ASSIGNMENT: First find the line with "Moon Guard |", then reproduce it and all following lines of the data to the end, exactly and with no pictures, adding nothing.

##############################

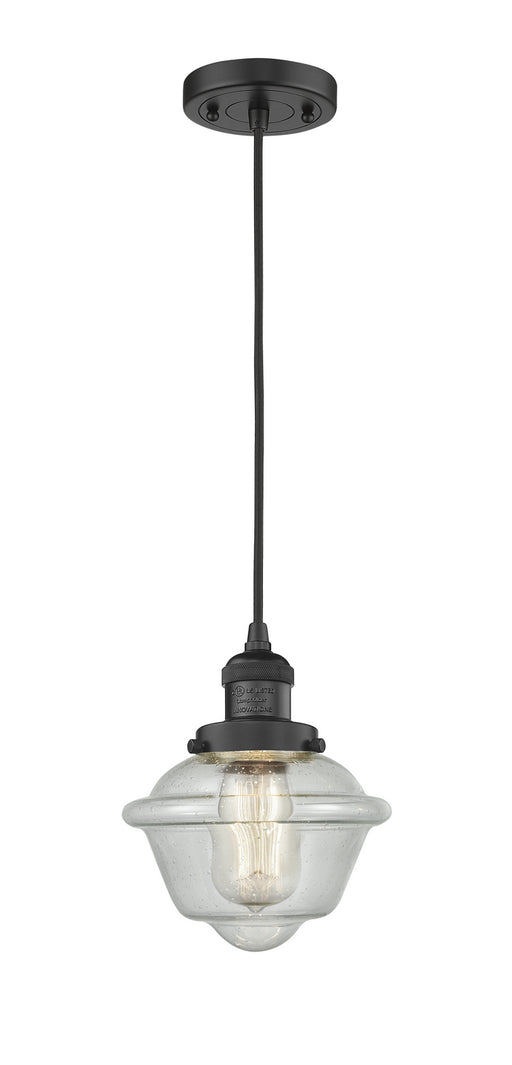 Innovations - 201C-BK-G532 - One Light Mini Pendant - Franklin Restoration - Matte Black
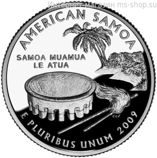 Монета 25 центов США "Американское Самоа", AU, 2009, P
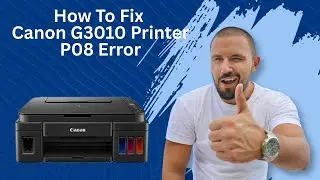How To Fix Canon G3010 Printer P08 Error | P08 Error Kiase Fix Kare | 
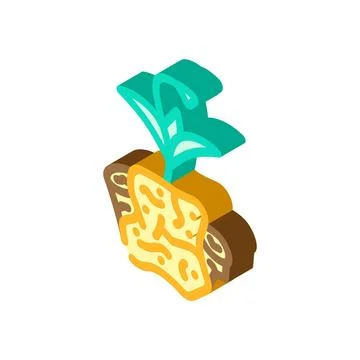 Compostable packaging isometric icon vector illustration Stock Illustration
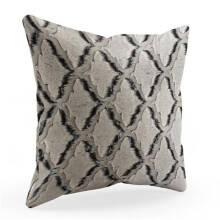 Plutus Brands PBSF2300-P-2020-DP 20 x 20 in. Diamond Animal Faux Fur Luxury Throw Pillow, Brown & Beige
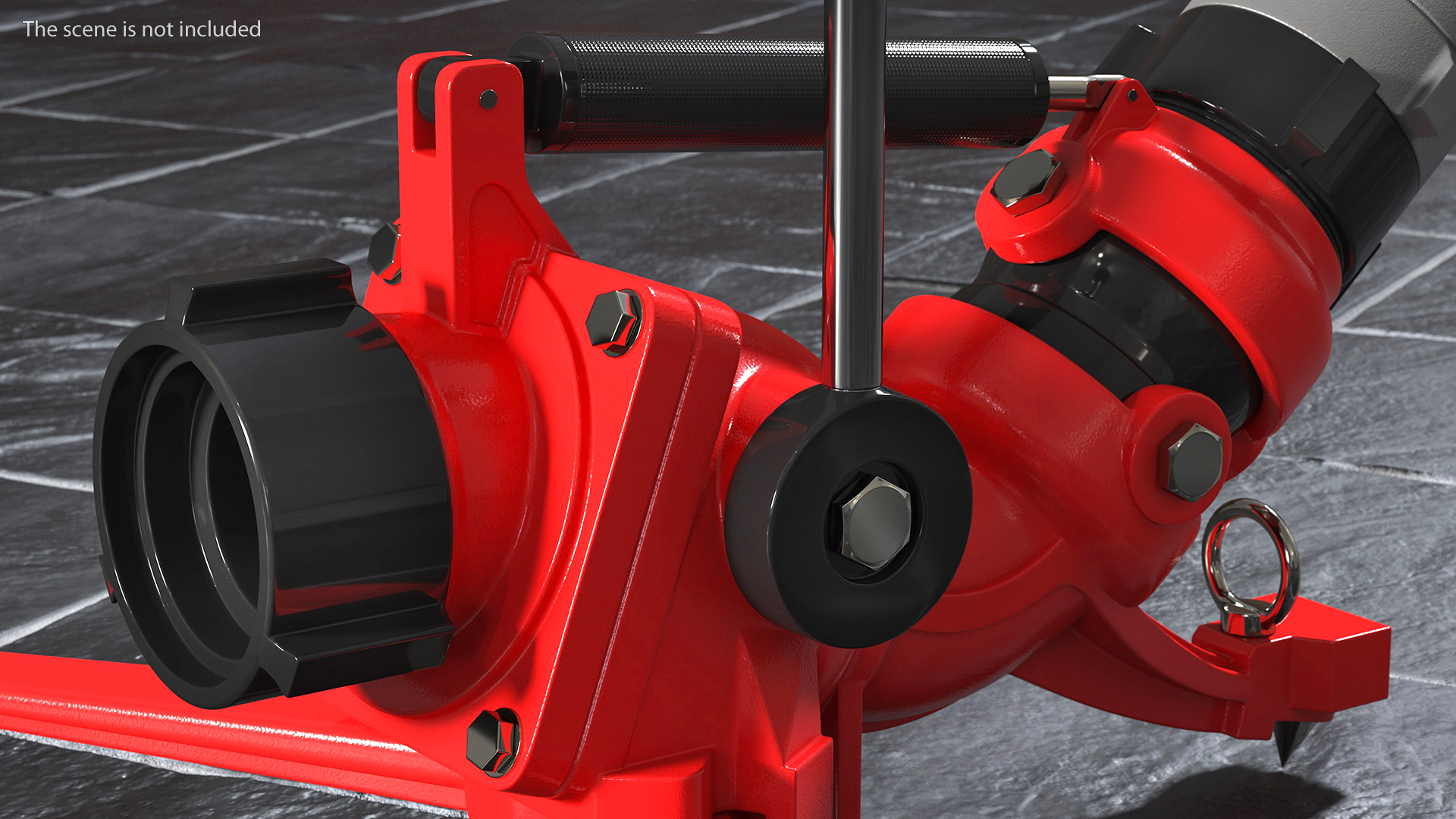 3D Rosenbauer RB6 Portable Monitor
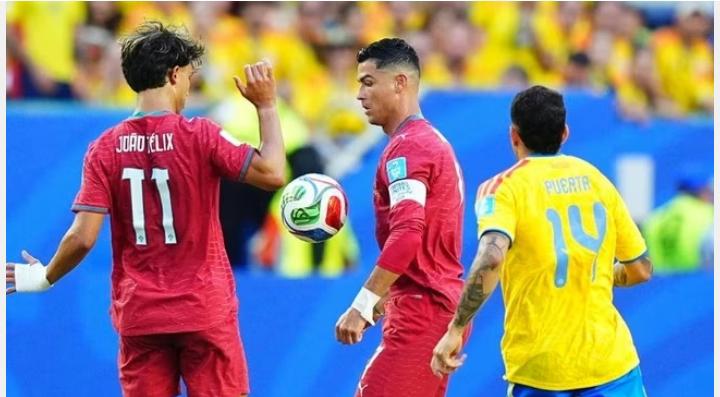 Joga ho disiplina, Portugál silu Kolombia la tuun iha Kopa Mundiál
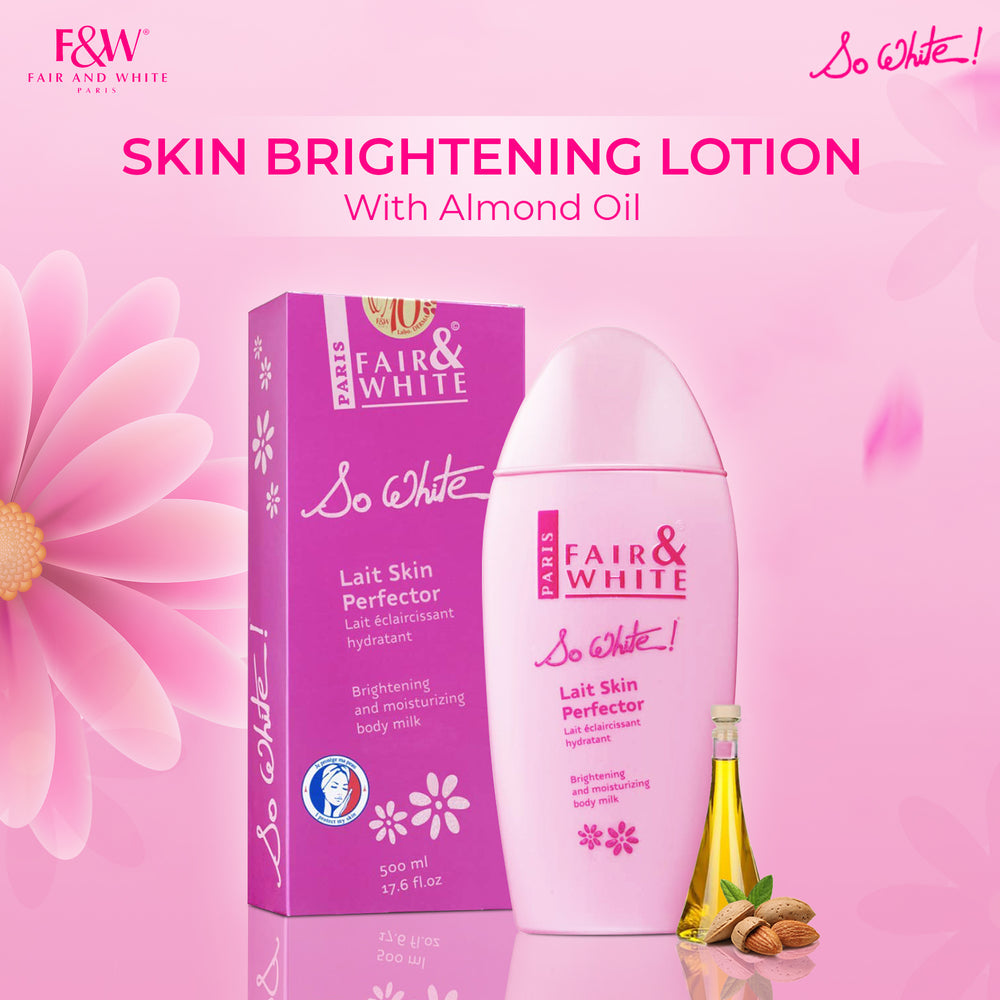 Fair & White So White Skin Perfector Brightening Body Lotion 500ml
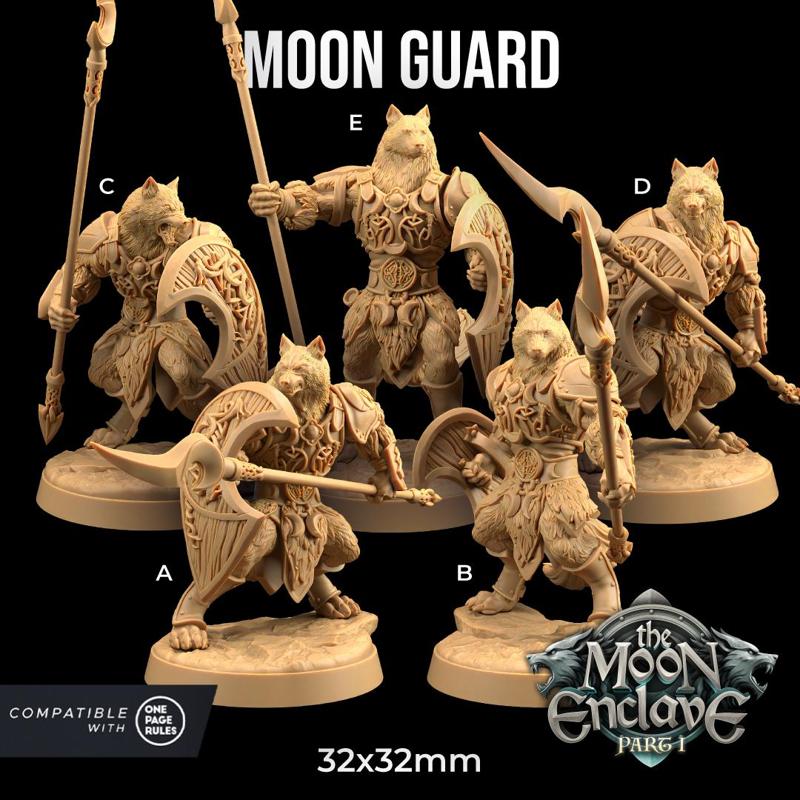 Moon Guard | PRESUPPORTED | The Moon Enclave Pt. 1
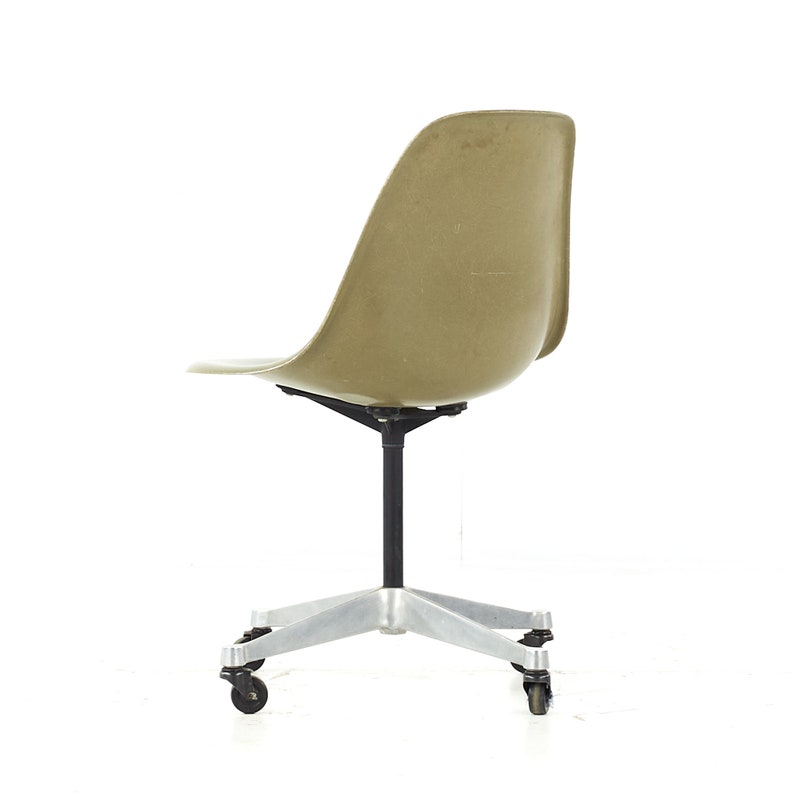 Charles and Ray Eames for Herman Miller Mid Century Wheeled Shell Chair mcm image 6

##############################

SOLUTION BELOW:
 Moon Guard | PRESUPPORTED | The Moon Enclave Pt. 1
 Charles and Ray Eames for Herman Miller Mid Century Wheeled Shell Chair mcm image 6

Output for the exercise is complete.